> Study material
<<<<

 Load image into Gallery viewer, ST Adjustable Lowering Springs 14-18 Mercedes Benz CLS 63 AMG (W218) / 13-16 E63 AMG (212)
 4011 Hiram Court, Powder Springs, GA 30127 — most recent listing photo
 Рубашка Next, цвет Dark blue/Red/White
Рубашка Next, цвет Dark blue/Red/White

>>>>
<<<<

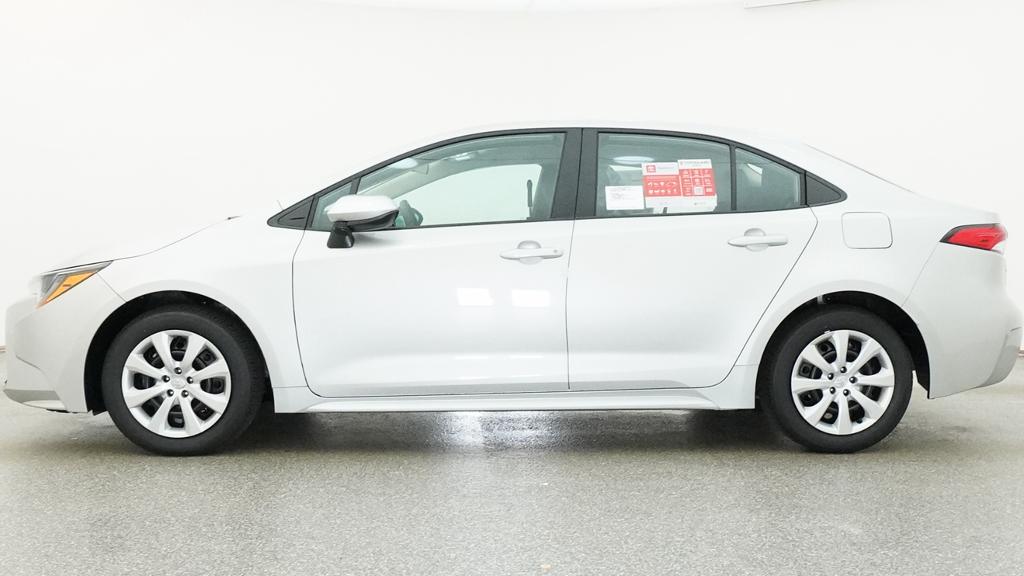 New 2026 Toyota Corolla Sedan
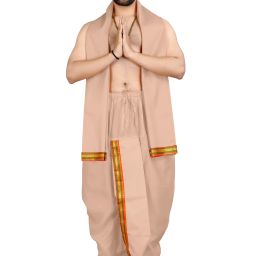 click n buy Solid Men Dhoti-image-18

>>>>
<<<<

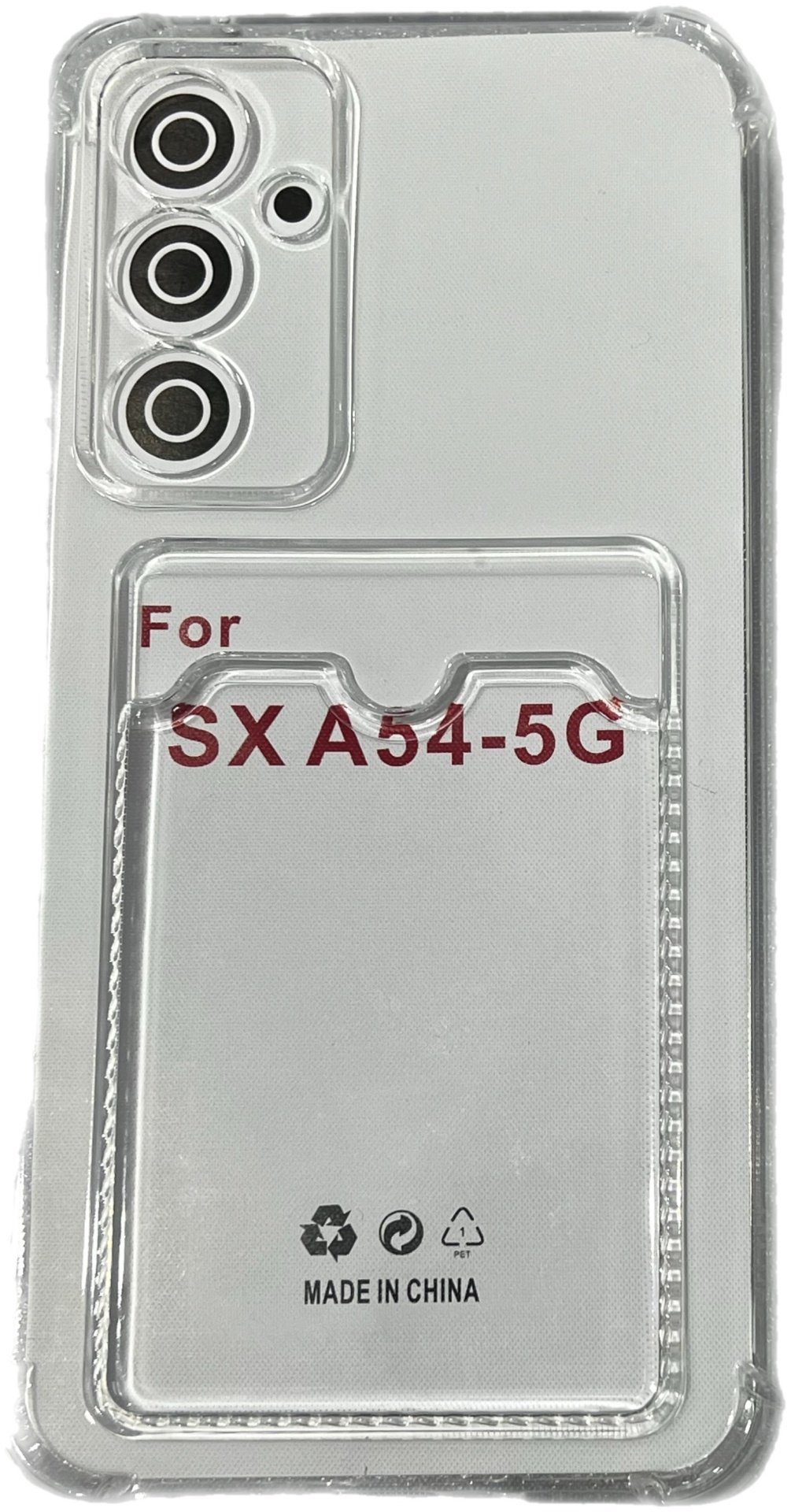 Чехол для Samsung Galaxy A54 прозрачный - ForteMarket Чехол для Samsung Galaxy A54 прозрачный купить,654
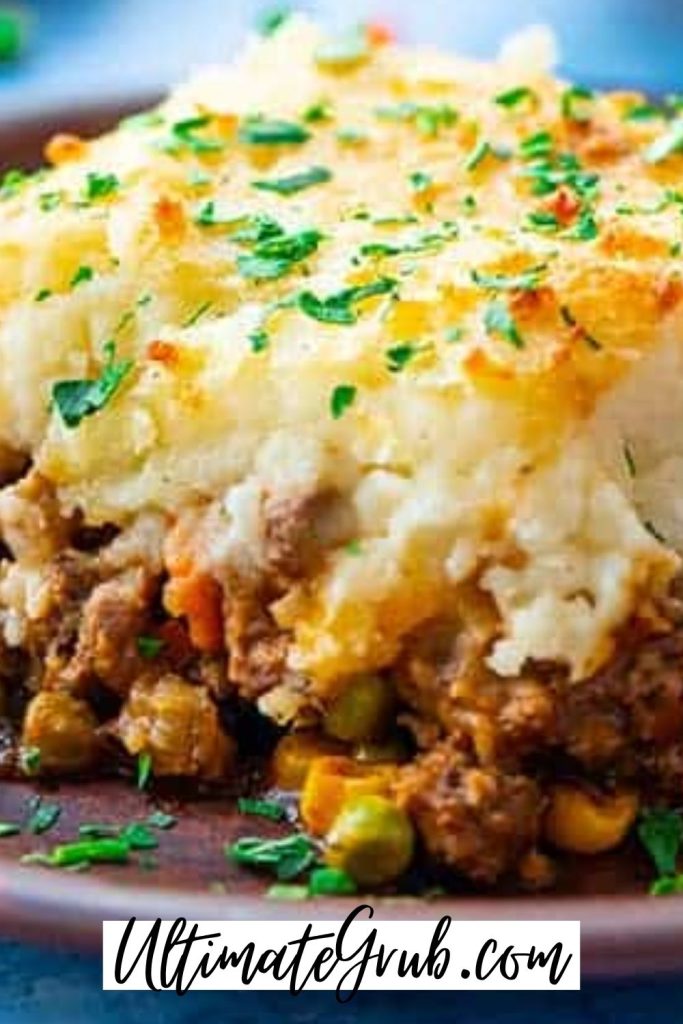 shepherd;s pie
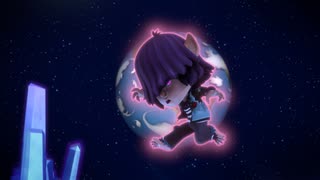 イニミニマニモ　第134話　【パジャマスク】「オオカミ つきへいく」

>>>>

> What is required
Which lines in the records above contain the word "Next"? Return each of them.

> Answer space
 Рубашка Next, цвет Dark blue/Red/White
Рубашка Next, цвет Dark blue/Red/White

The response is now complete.